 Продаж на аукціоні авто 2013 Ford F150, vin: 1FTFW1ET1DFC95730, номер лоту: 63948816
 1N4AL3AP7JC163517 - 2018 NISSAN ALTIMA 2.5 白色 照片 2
...
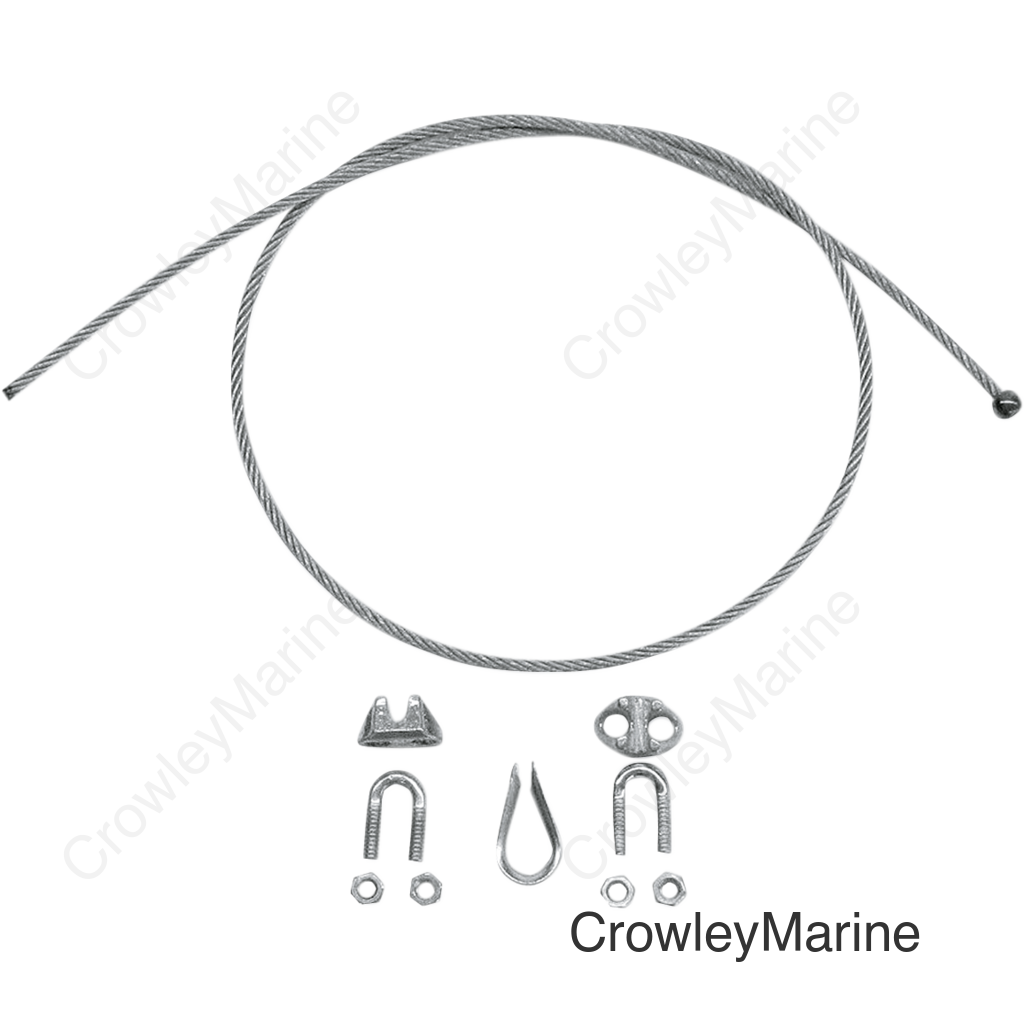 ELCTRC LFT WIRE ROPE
---
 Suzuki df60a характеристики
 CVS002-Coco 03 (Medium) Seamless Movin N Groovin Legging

## THE TASK
Everything above from the line containing "Продаж на аукціоні" through the line containing "1N4AL3AP7JC163517 - 2018" must be copied exactly. Nothing outside that range belongs in the answer.

## SOLUTION FOR THIS TASK
 Продаж на аукціоні авто 2013 Ford F150, vin: 1FTFW1ET1DFC95730, номер лоту: 63948816
 1N4AL3AP7JC163517 - 2018 NISSAN ALTIMA 2.5 白色 照片 2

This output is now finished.